Another quote-heavy entry lacking in purpose? Fine, I’ll make this another purposeless, quote-heavy entry. The passage below is a good example of a style of “reasoning” that I find maddeningly humorous – it is just one among many possible examples from Plato’s dialogues; I happen to have been reading the one called Phaedo recently, so I copied it down. I would note the speaker, but, to tell the truth, I am lost at this point in the text. Phaedo is technically narrating everything to Echecrates, but some platonic expert out there will have to set me straight whether this part is supposed to be Phaedo reporting Socrates through Plato, or Plato recording Phaedo speaking for himself, or Simmias addressing the group, or someone else. All I know is that it can’t be Cebes, since Cebes answers as an auditor at the end. Unless Plato is having Cebes speak to himself. In fact, since my attribution is bound to be wrong, I might as well be outrageously wrong and say that it is Cebes addressing himself in earnest.

‘I am saying all this because I’d like you to share my own point of view.
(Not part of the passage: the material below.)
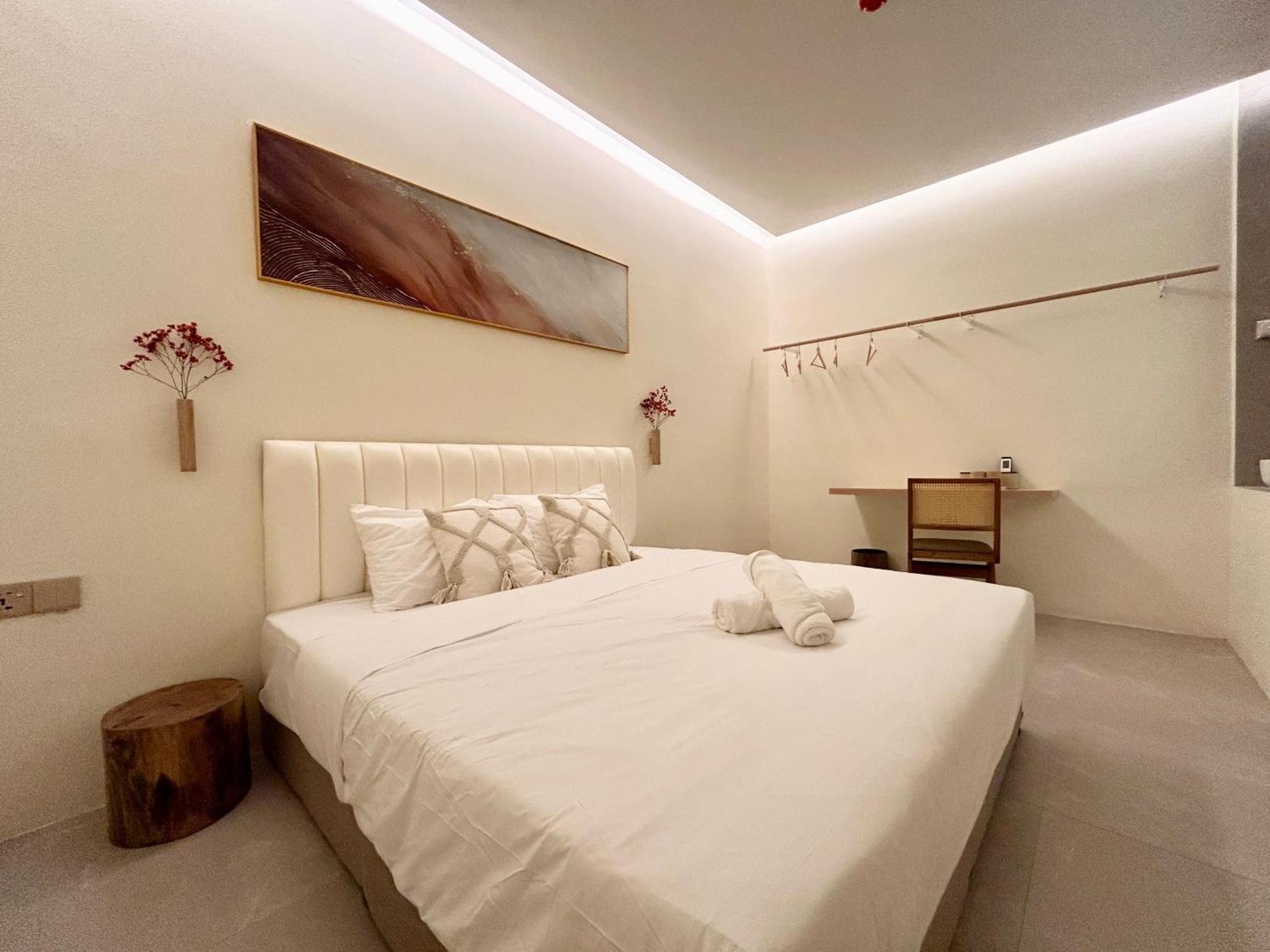 One18 Boutique Hotel Kuala Lumpur Eksteriør billede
It seems to me not only that tallness itself absolutely declines to be short as well as tall, but also that the tallness “in” us never admits smallness and declines to be surpassed. It does one of two things: either it gives way and withdraws as its opposite shortness approaches, or it has already ceased to exist by the time that the other arrives. It cannot stand its ground and receive the quality of shortness in the same way as I myself have done. If it did, it would become very different from what it was before, whereas I have not lost my identity by acquiring the quality of shortness; I am the same man, only short; but my tallness could not endure to be short instead of tall. In the same way the shortness that is “in” us declines ever to become or be tall; nor will any other quality, while still remaining what it was, at the same time become or be the opposite quality; in such a situation it either withdraws or ceases to exist.’

‘I agree with you entirely,’ said Cebes.

Also I thought you might want to know that the argument to book three of John Milton's Paradise Lost begins like this:

God sitting on his Throne sees Satan flying towards this world...
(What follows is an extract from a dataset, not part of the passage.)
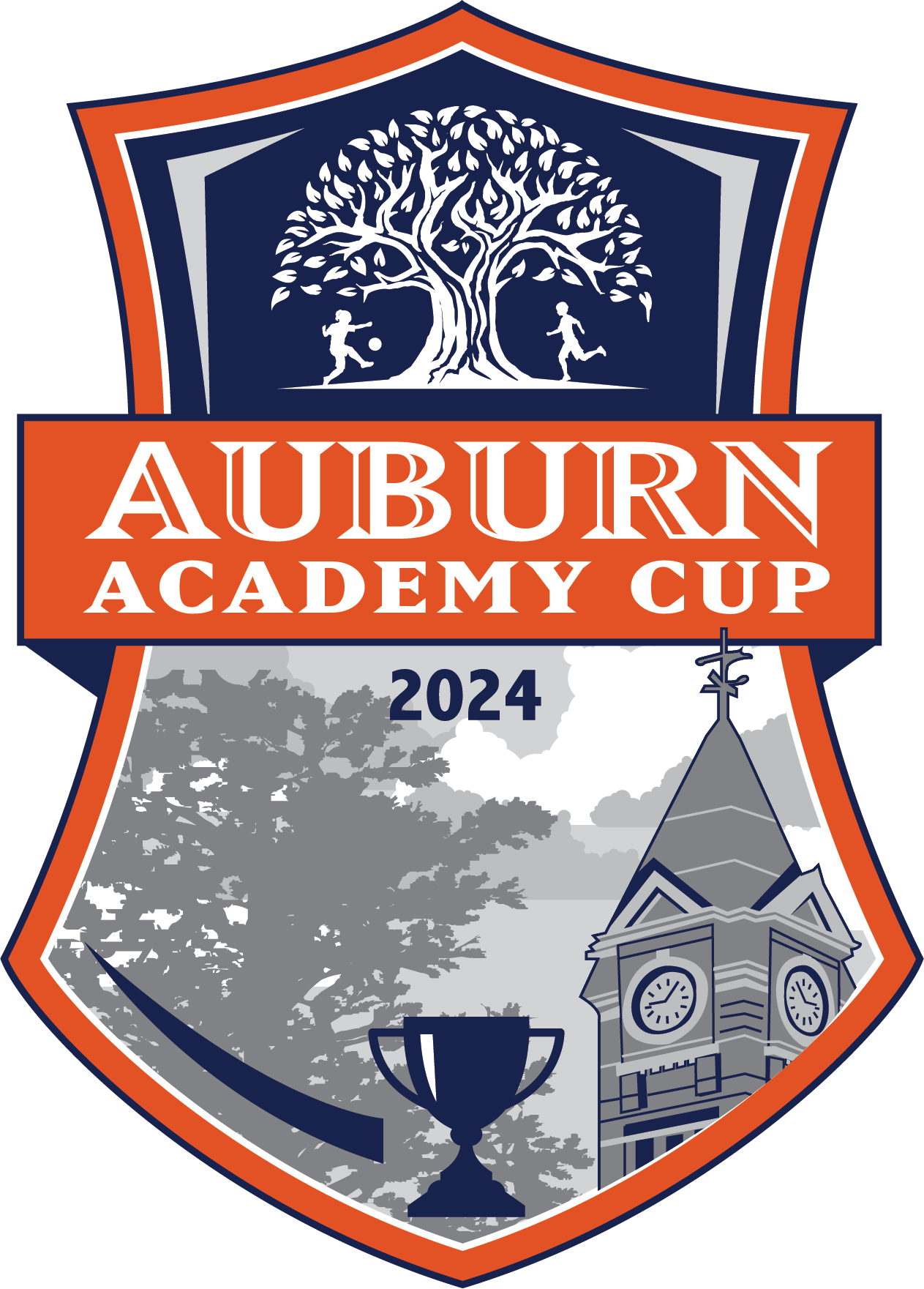 2024 Auburn Academy Cup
And this brings to mind a couplet that my sweetheart and I recently encountered in the manuscript poems of Ralph Waldo Emerson:

For Lucifer, that old athlete
Tho’ flung from Heaven falls on his feet

P.S.

I didn’t really want to write a blog post today, is this obvious? I just wanted an excuse to share my new-old rap song here in the postscript. I call it “new-old” because I performed it more than a decade ago but only uploaded it onto the internet last night.

https://bryanray444.tumblr.com/post/165691283946/nasty-teachers-is-an-uninspired-rap-demo-track

2 comments:

M.P. Powers said...

Your first paragraph is something I always have in mind when I write. I tell myself, it's easier to make sense than poetry. I also say, giving the reader the answer is at the same time denying your work a second glance. But then quite often I don't listen to that little voice and write something too too mortal. Oh, well. Better than nothing, I suppose. Thanks for the quotes! You've mentioned Duchamp many times and I love that quote. When I get through my ceiling-high stack of books, he's high on my list.

Bryan Ray said...

Yeah it's about potential versus necessity, I think. It's nice that we're on the same page! Sublimity over craftsmanship. It's always worth RE-quoting the divine Blake:

Improvement makes strait roads, but the crooked roads without Improvement, are roads of Genius.

And just a wink re: Duchamp. He's a hero for me, and I mention him a lot; but, like Nietzsche, Duchamp left much misunderstanding in his wake: at first, I loathed Duchamp, because I bought into the hype about him. What won me over was reading Calvin Tomkins' Duchamp: A Biography. For me, it's become like a modern gospel; by which I mean that the writers who recorded the sayings and acts of Jesus HAD DESIGNS UPON THEIR READERSHIP; and I think that Tomkins desires to convince us of M.D.'s genius in a similar way – I welcome this: my problem is not with propaganda but only with poorly written propaganda! Seriously tho, Duchamp never fails to amaze me with his intuitions about artistry.